Language Model by Mistral AI
Mistral Small 3.2 delivers a 120% improvement on Arena Hard v2 (43.1 vs 19.56) compared to version 3.1, marking the largest single-version performance jump in Mistral\'s history. This 24B parameter dense transformer achieves 92.9% on HumanEval Plus while maintaining deployment on a single A100 80GB GPU, positioning it as the most capable model under 30B parameters for production workloads. Released June 2025 with Apache 2.0 licensing, the model reduces infinite generation loops by 39% (1.29% vs 2.11%) through architectural refinements to attention mechanisms, while adding multimodal vision capabilities without increasing inference costs.
| Benchmark | Mistral Small 3.2 | Comparison |
|---|---|---|
| MMLU | 80.5% | 80.62% |
| HumanEval Plus | 92.9% | 88.99% |
| MBPP Pass@5 | 78.33% | 74.63% |
| Arena Hard v2 | 43.1% | 19.56% |
| Wildbench v2 | 65.33% | 55.6% |
| Instruction Following Accuracy | 84.78% | 82.75% |
| MMLU Pro | 69.06% | 66.76% |
| GPQA Diamond | 46.13% | 45.96% |
| ChartQA | 87.4% | 86.24% |
| DocVQA | 94.86% | 94.08% |
| Artificial Analysis Intelligence Index | 15% | 11% |
Mistral Small 3.1 released with multimodal capabilities
Mistral Small 3.2 released as stability-focused update
Made available via Mistral API (mistral-small-2506)
Mistral Small 3.2 is available.

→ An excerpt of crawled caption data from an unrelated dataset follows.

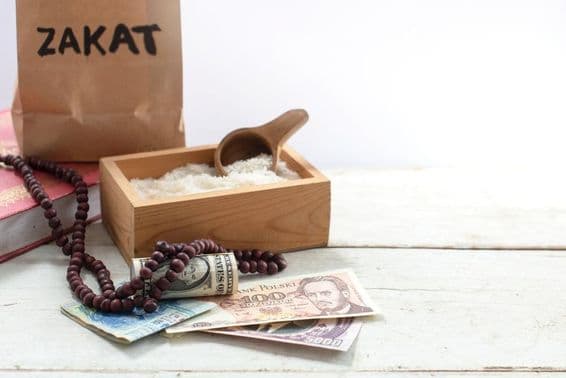 Sac étiqueté Zakat devant une boîte contenant du riz, des perles, des dollars et d'autres devises.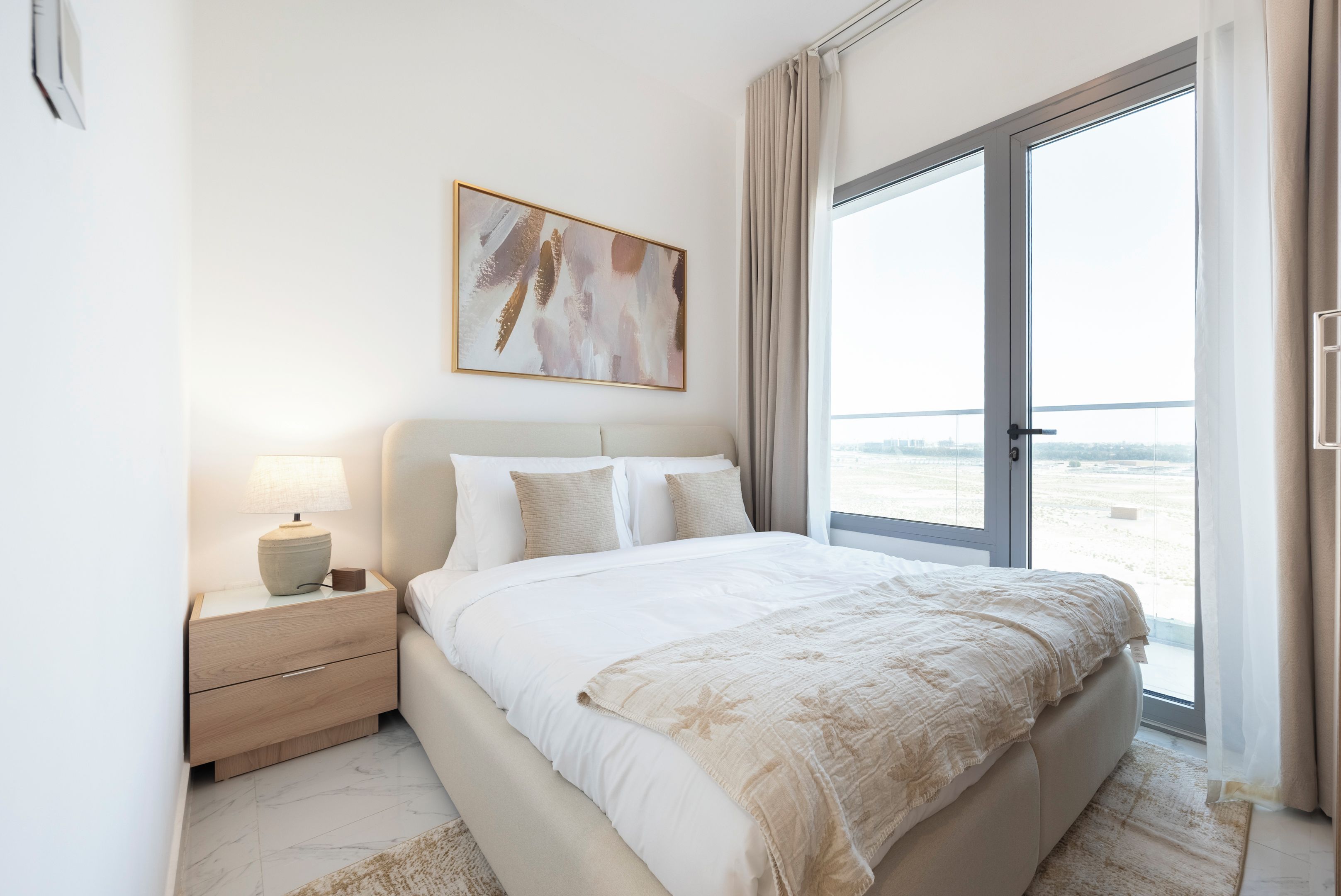 A bedroom with a large bed, a nightstand, a lamp, a painting, and a view through a sliding glass door.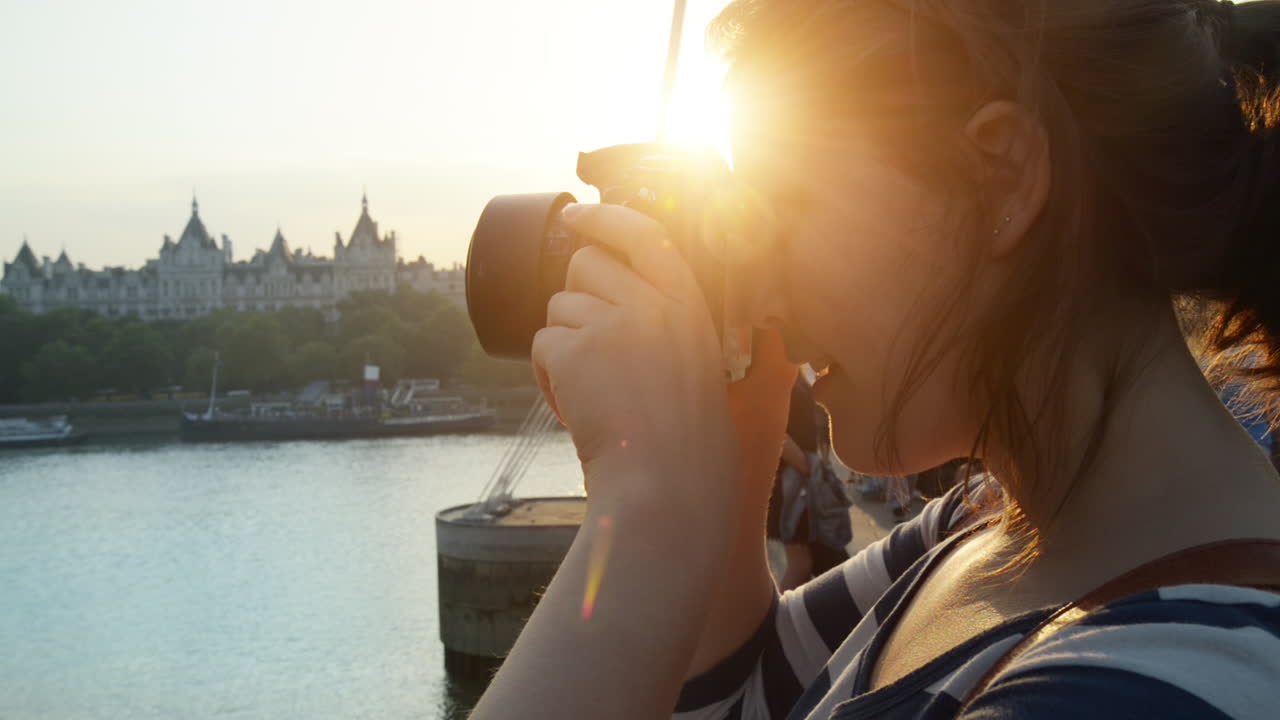 Tourist travel photographer photographing London city at sunset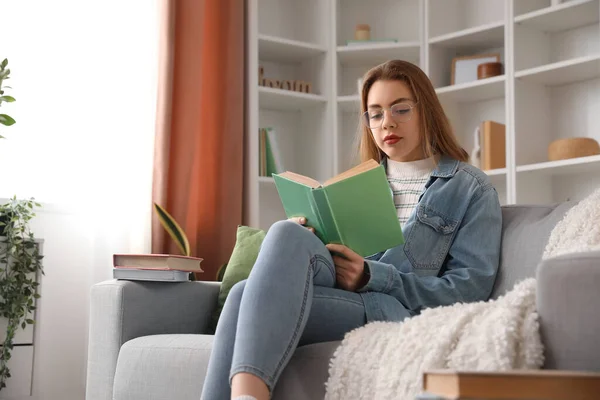 Ung Kvinde Læser Bog Sofaen Derhjemme - Stock-foto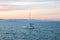 The catamaran against the evening sea and mountains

Once it appears on our tracked API providers, it will be added to the LLM Leaderboard with full scoring, benchmarks, and pricing.
Mistral Small 3.2 achieves 92.9% on HumanEval Plus (up from 88.99% in v3.1) and 78.33% on MBPP Pass@5 (up from 74.63%), representing 3.91 and 3.7 percentage point improvements respectively. These scores place it ahead of GPT-3.5 and competitive with early GPT-4 variants on coding tasks, while requiring only 24B parameters. The model particularly excels at multi-step reasoning required for complex programming problems, as evidenced by its 43.1 score on Arena Hard v2.
At $0.075-$0.10 per million input tokens and $0.20-$0.30 per million output tokens, Mistral Small 3.2 costs approximately 3-4x less than GPT-4o while offering comparable performance on many benchmarks. For a typical RAG application processing 10M tokens daily (8M input, 2M output), monthly costs range from $720-$1,200 compared to $3,000+ for GPT-4o. The model supports 128K context windows without additional pricing tiers, unlike many competitors that charge premium rates above 32K tokens.
Version 3.2 reduces infinite generation loops from 2.11% to 1.29% through modifications to the attention mechanism's positional encoding and enhanced dropout patterns during fine-tuning. The model implements a refined instruction-following accuracy of 84.78% (up from 82.75%) by incorporating adversarial training examples specifically targeting repetition patterns. These improvements are particularly visible in long-form generation tasks where v3.1 would occasionally enter loops after 2,000+ tokens.
With scores of 87.4% on ChartQA and 94.86% on DocVQA, Mistral Small 3.2 demonstrates strong document understanding capabilities, though it lacks GPT-4V's general image reasoning abilities. The model excels at structured visual data extraction (charts, tables, forms) but shows limitations on natural image understanding tasks. For document-centric workflows requiring OCR and layout understanding at scale, it offers a cost-effective alternative processing images at the same token rates as text.
On a single A100 80GB, Mistral Small 3.2 achieves approximately 45-50 tokens/second for batch size 1 inference, with first-token latency around 200ms. H100 deployment improves throughput to 70-75 tokens/second with FP8 quantization. The 24B parameter count allows full model loading without sharding, eliminating inter-GPU communication overhead that impacts larger models. Memory usage peaks at 65GB with KV cache for 16K context, leaving headroom for larger batches.